Again, “apparently”: The triangulation of motives and relationships in this segment is so bizarre—with Rampling (like Waits’s character, unnamed) acting at once domineering and diffident to Blanchett’s dowdy bureaucrat Timothea and Krieps’s fashionista influencer Lilith, so that even an attentive viewer could be forgiven for admitting a certain bafflement. (Compounding the confusion is Lilith’s pathological dishonesty, a veritable blizzard of little white lies.) Again, though, the details—the curated array of props, wardrobe, and pet phrases—are so specific that they cut through the befuddlement, doubly so because they’re so obviously borrowed from the previous episode. The more the women withhold information and emotions from one another, the less we worry about conventional disclosures, the more we begin watching their lavishly appointed yet desultory high tea from somewhere in the back of our minds. There’s something Pavlovian going on, with Jarmusch patiently training us to recognize, if not master, his patterns, like a high-definition Rorschach test.

The result is a movie that operates according to the principle of accrual; the effect of its gamesmanship is cumulative. If the return appearance of that fake(?) Rolex watch or a gaggle of spectral, slow-motion skateboarders—or the utterance of incongruous but nagging idioms like “nowheresville” and “Bob’s your uncle”—are uncanny the second time around, the experience of wondering when and how they’ll be deployed in the final third is as close to white-knuckle suspense as Jarmusch gets.


That final installment, which takes place in Paris, is at once the sweetest and the most troubling, pushing death to the forefront; it uses Father and Mother as dearly departed structuring absences. Sister and Brother, meanwhile, are a pair of mixed-race hipster twins, Billy (Luka Sabbat) and Skye (Indya Moore), in Paris (via New York) to collect their parents’ effects from their now-empty apartment in the 11th Arrondissement. Their evident physical and emotional closeness, beautifully acted by Sabbat and Moore (who give the finest performances in a movie of conspicuously A-list stars) belies the unevenness of their duties as caretakers. Billy, it seems, has been doing the literal heavy lifting of boxes into a storage locker, while Skye apologizes—earnestly, if a bit evasively—for being MIA even as she confesses to having not much going on.

Whereas the first two sections are calibrated for cringe comedy with finely tuned tinges of ambiguity, this final part lays its cards on the table (again, literally) in the form of the private items bequeathed to the twins.

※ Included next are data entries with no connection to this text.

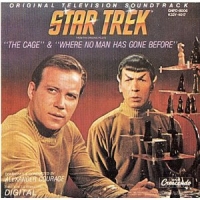 OST/Various - Star Trek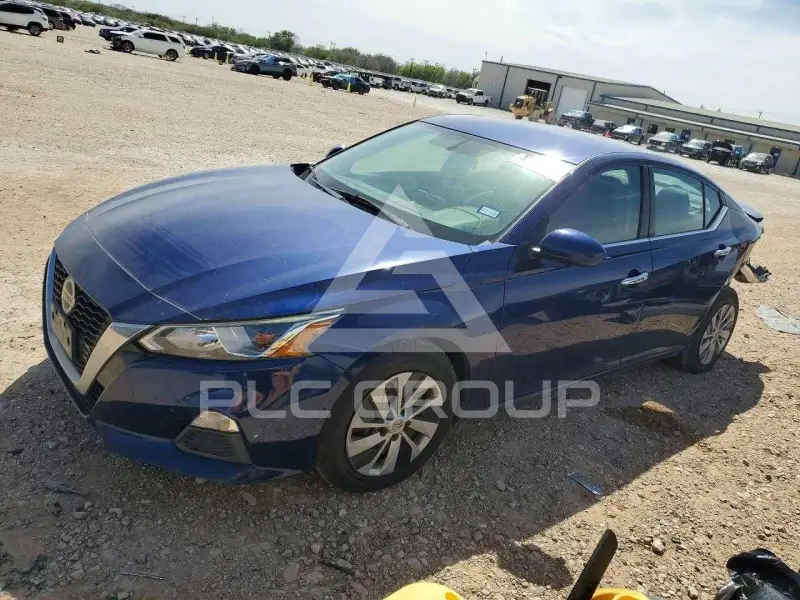 2019 Nissan ALTIMA photo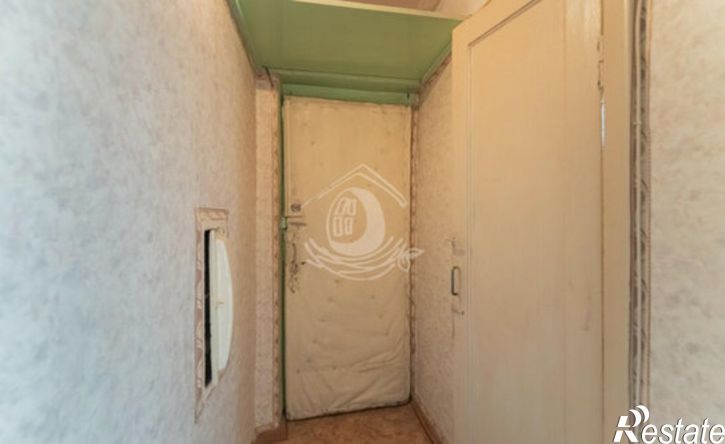 2-комн квартира ул Благовещенская, 12,  д. 12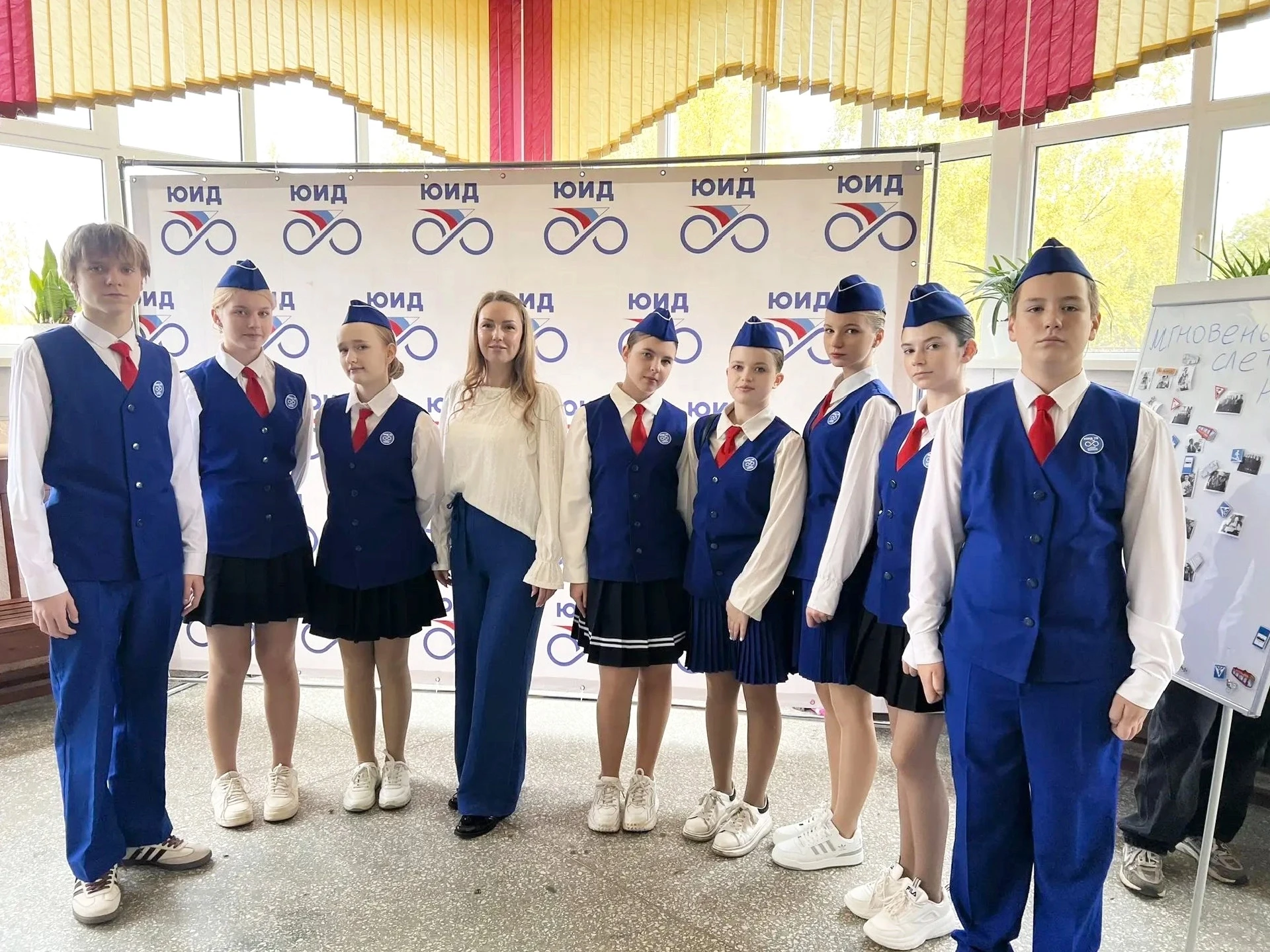 Наша копилка достижений пополнилась! 🏆🚦
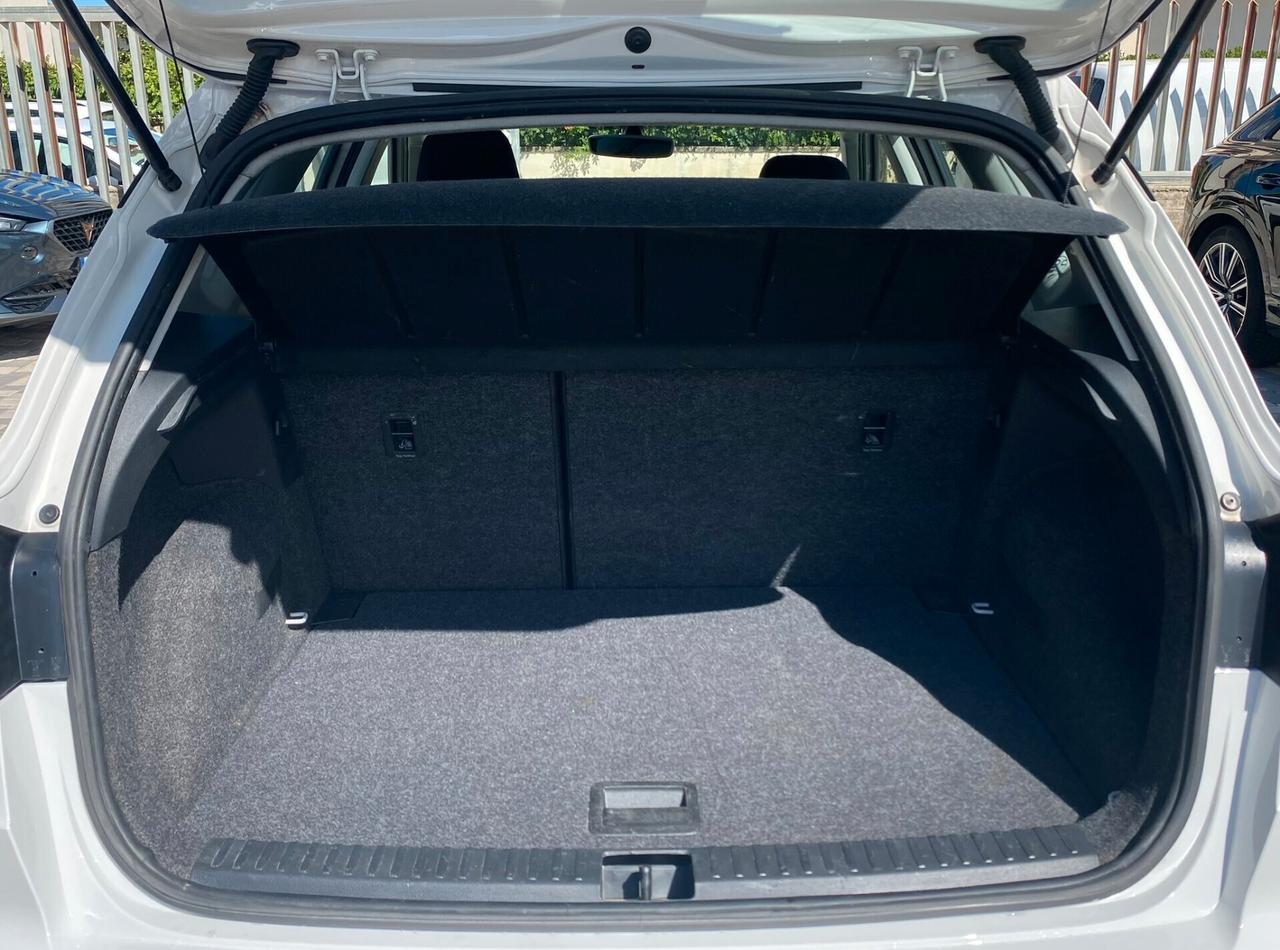 Seat Arona Style 1.6 TDI 95CV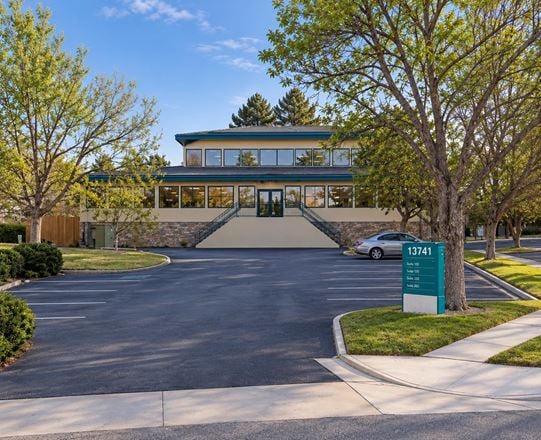 Harbor Pointe Office Park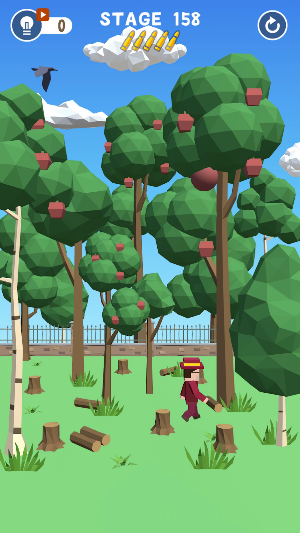Perfect Assassin Screenshot 2
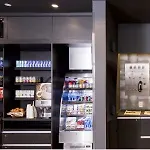 Hotel Edge Washington Heights 3*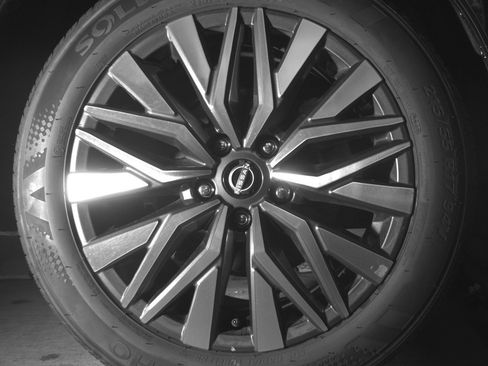 Used 2025 Nissan Altima 2.5 SV image 15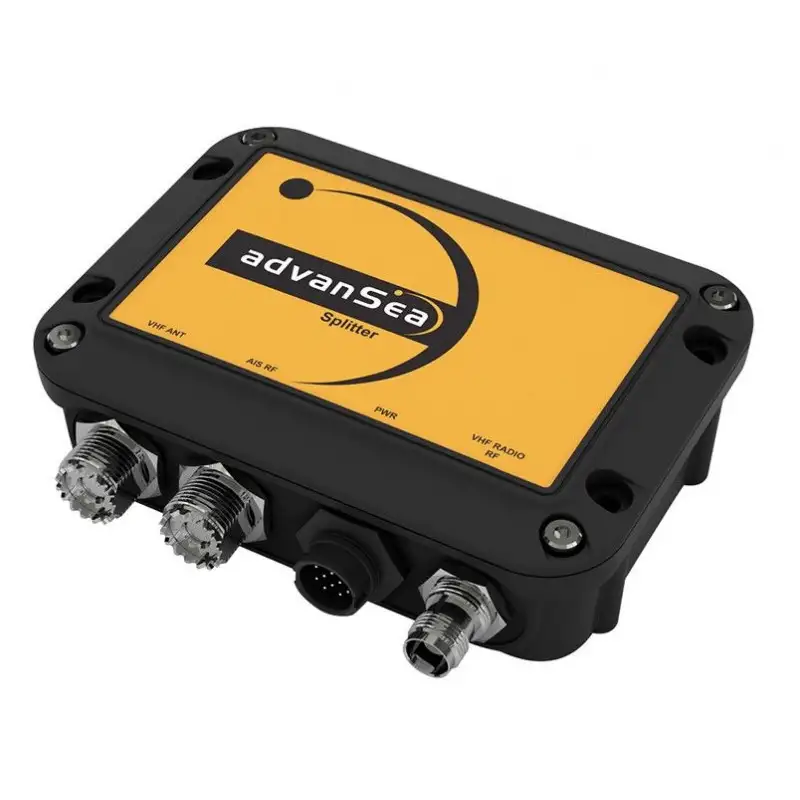 SEPARATORE DI SEGNALE AIS / VHF SPLIT-110 ADVANSEA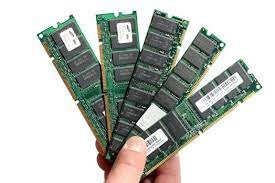 تحقیق حافظه RAM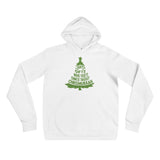 Winter Tradition Unisex hoodie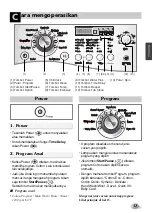 Предварительный просмотр 49 страницы LG WD-E1212TD Owner'S Manual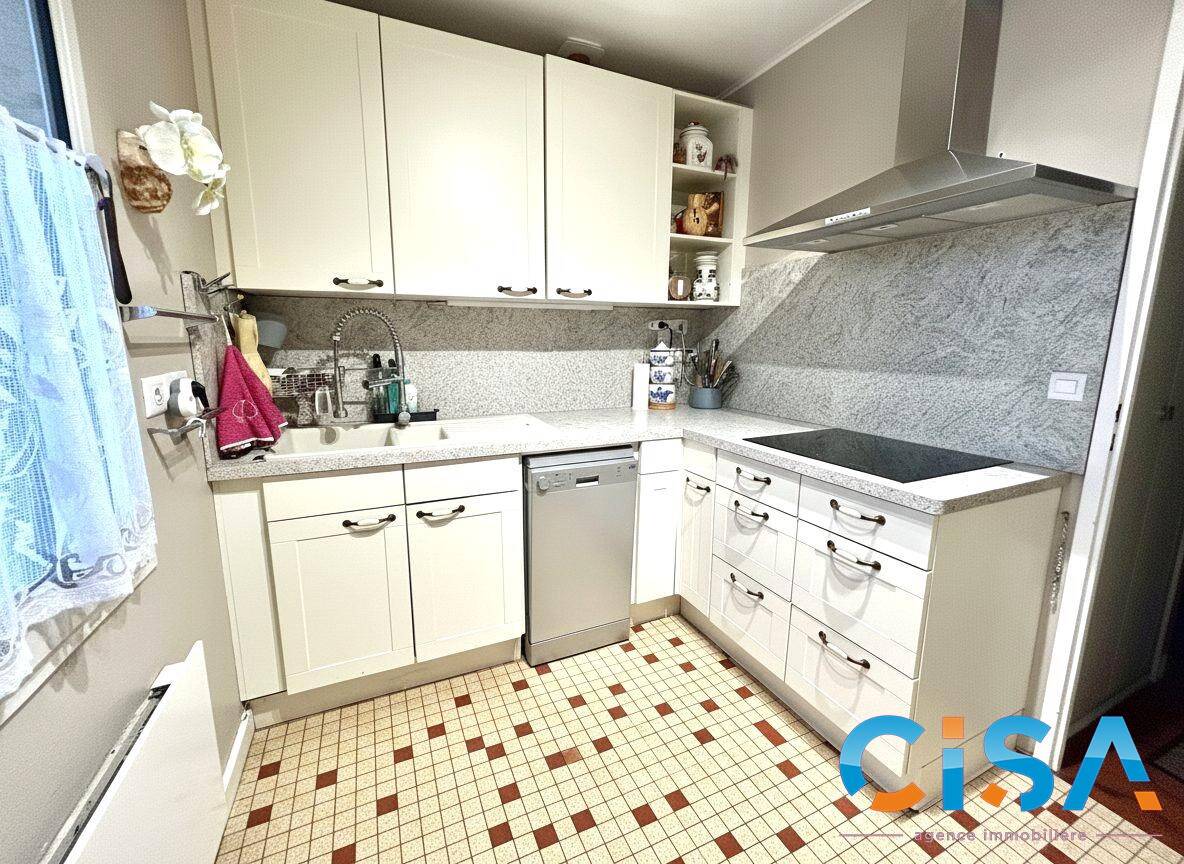 Maison à vendre, 103m², NEUILLY EN THELLE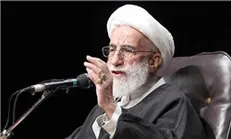 نگرانی ما جنایت‌های بی‌حساب و کتاب آمریکا و اسرائیل و عربستان است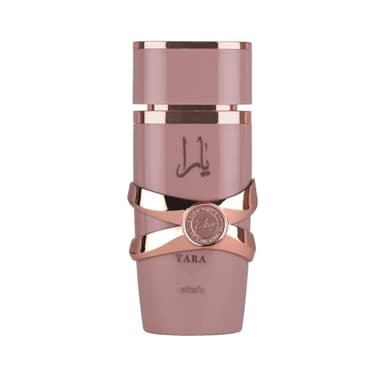 Lattafa Yara Elixir Eau De Parfum 100ml / 3.4oz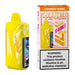 Adjust MyRusher 40K Disposable Vape 40,000 Puffs DISPOSABLE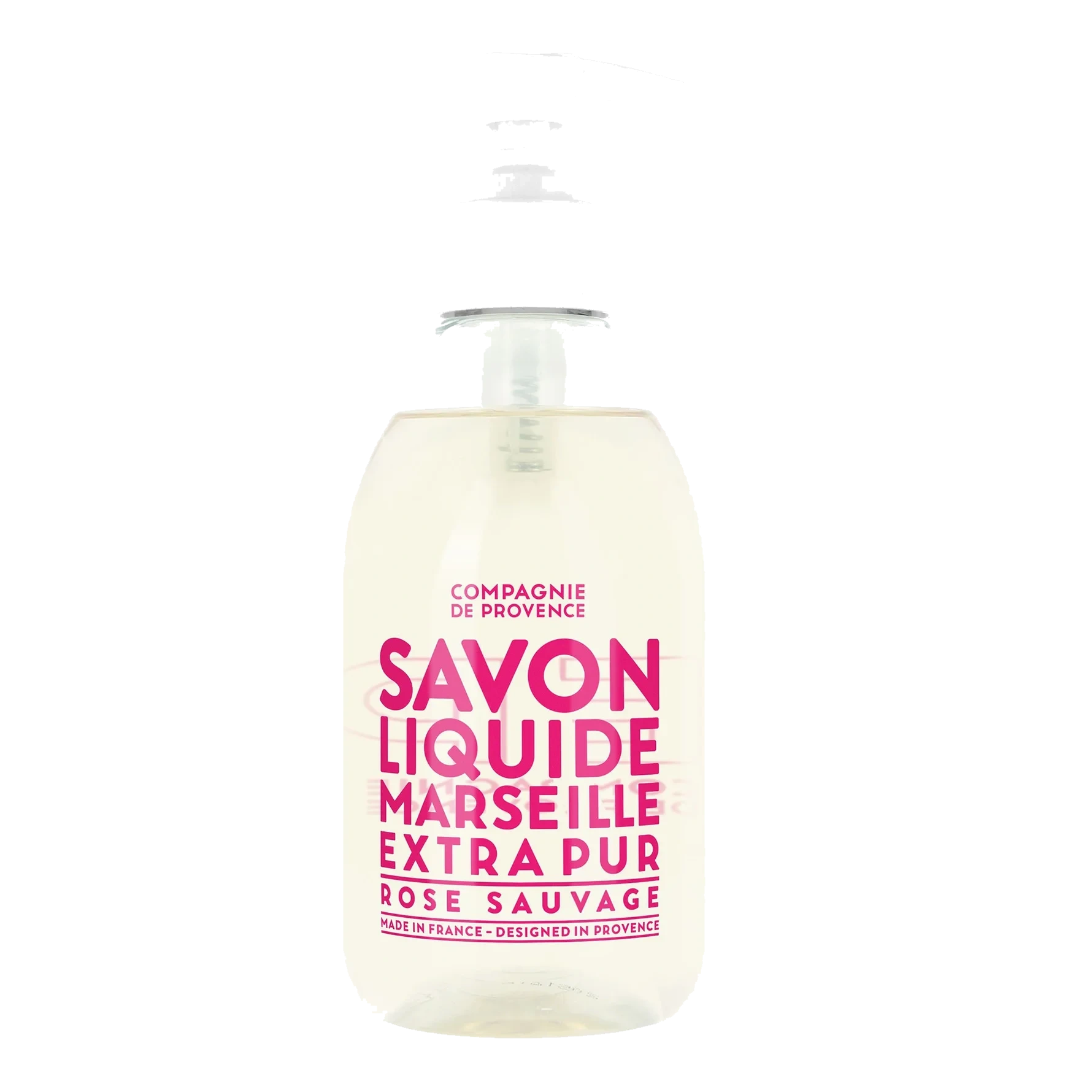 Compagnie de Provence Liquid Marseille Soap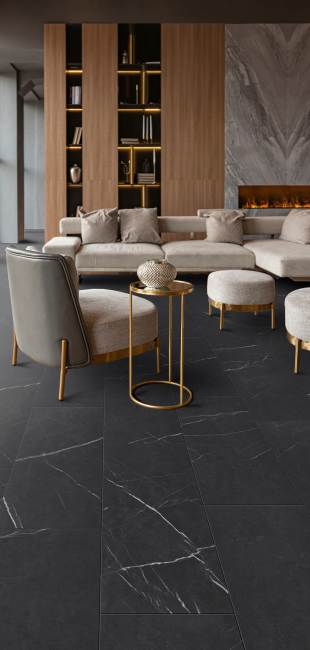 VV848-12265 - COREtec Scratchless - Tile - Stella Marble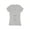 Athletic Heather, variant on Women's Jersey Short Sleeve Deep V-Neck Tee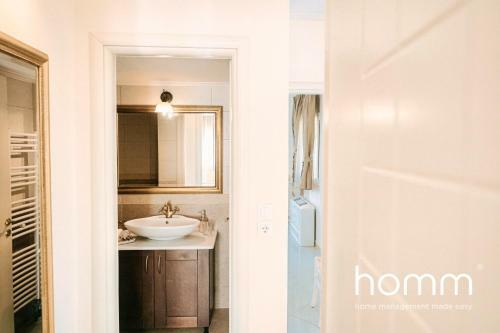 Apartamento Nereides Homm Luxury Maisonettes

The melancholy nature of this inheritance—not just of photos and ID cards, but information that contextualizes them—is complicated by the matter of whether Bob and Skye’s folks would have actively chosen to pass these things on had they not died in a plane crash. Would they, like the elders played by Waits and Rampling, have instead remained tight-lipped about themselves and their hidden selves until the end?

As a piece of craftsmanship, Father Mother Sister Brother is predictably impeccable, from the selective angularity of the camera setups to the obvious falseness of its rear-projected driving scenes (Alfred Hitchcock, no slouch at fractured family dynamics, would have been proud). There’s pleasure in the presences of the actors, whether they’re charter members of Jarmusch’s repertory (Waits and Driver) or new to his stable (Blanchett’s full-bodied gormlessness, exacerbated by a comically unflattering coif, has to be seen to be believed). What the pile-up of minor key synchronicities amounts to is, of course, wide open to interpretation, and that’s how Jarmusch likes it. Forty years into a career spent engineering movies that sit snugly side by side along a narrow yet paradoxically spacious corridor—as adjoining compartments on the mystery train—he’s apt to leave things ajar.

The closing images of Billy and Skye exiting the darkened storage complex into the afternoon light suggest either liberation or a suspended sentence—as they both assert repeatedly, a reckoning with the leftover objects in the locker is coming, but they don’t have to worry about it right now. It’s not important, until it is—this attitude is the flip side to Ghost Dog’s and Jarmusch’s unsentimental minimalism. “Matters of small concern should be treated seriously.” Father Mother Sister Brother is a throwaway that’s also a keepsake.